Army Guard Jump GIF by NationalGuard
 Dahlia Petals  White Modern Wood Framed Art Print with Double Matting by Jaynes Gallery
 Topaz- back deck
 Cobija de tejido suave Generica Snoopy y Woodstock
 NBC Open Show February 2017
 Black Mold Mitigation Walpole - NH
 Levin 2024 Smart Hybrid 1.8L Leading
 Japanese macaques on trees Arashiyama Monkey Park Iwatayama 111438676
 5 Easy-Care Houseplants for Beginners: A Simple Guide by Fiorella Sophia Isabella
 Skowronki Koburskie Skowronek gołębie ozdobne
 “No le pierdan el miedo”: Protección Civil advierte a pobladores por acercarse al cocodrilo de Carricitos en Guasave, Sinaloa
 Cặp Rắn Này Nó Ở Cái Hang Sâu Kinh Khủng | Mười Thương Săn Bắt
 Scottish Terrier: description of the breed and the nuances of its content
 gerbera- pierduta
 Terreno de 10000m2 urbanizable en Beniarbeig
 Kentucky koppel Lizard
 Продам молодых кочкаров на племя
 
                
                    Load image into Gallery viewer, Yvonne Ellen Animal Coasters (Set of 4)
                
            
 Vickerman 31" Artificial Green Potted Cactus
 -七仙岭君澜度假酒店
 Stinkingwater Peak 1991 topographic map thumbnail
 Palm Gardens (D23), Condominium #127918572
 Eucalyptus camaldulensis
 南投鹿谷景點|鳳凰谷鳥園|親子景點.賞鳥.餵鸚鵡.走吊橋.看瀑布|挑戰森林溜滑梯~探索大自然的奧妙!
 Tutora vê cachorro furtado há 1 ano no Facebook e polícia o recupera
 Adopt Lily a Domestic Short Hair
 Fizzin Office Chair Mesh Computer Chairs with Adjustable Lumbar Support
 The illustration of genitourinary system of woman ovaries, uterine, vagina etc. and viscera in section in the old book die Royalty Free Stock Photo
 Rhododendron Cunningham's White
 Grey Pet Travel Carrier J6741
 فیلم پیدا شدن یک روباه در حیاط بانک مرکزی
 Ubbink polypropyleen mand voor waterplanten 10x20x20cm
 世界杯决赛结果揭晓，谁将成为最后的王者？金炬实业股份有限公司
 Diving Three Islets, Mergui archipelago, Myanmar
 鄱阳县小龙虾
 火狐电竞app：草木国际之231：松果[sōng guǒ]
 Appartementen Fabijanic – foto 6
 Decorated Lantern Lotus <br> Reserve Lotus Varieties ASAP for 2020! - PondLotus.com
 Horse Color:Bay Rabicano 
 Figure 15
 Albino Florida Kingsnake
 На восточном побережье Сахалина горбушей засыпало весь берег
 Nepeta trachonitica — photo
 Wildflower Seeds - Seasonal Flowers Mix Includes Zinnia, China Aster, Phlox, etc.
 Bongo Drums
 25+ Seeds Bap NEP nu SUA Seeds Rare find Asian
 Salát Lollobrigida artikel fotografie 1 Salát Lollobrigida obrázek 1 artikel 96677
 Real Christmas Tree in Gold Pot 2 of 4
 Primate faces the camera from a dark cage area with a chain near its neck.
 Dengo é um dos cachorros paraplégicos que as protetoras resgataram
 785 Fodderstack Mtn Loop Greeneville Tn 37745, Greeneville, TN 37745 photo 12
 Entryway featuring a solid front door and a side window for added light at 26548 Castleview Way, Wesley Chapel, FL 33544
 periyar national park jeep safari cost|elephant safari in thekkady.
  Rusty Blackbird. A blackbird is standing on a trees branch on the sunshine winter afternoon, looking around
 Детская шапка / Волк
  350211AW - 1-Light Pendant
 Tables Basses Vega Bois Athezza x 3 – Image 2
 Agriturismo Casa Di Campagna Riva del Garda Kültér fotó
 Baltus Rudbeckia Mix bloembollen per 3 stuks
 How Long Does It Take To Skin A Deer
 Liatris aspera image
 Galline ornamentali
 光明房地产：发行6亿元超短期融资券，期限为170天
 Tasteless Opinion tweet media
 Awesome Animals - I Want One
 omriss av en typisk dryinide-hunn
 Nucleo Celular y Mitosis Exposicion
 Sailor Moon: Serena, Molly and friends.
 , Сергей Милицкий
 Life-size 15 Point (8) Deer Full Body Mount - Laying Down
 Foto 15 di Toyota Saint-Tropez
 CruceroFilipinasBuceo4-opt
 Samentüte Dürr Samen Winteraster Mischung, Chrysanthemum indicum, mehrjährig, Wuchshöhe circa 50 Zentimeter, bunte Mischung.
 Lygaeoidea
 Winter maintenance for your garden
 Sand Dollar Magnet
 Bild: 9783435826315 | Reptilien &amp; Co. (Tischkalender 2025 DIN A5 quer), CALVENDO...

[TASK] Across the records above, return every line that contains the word "with".

[THE COMPLETED TASK]
 Dahlia Petals  White Modern Wood Framed Art Print with Double Matting by Jaynes Gallery
 Fizzin Office Chair Mesh Computer Chairs with Adjustable Lumbar Support
 Primate faces the camera from a dark cage area with a chain near its neck.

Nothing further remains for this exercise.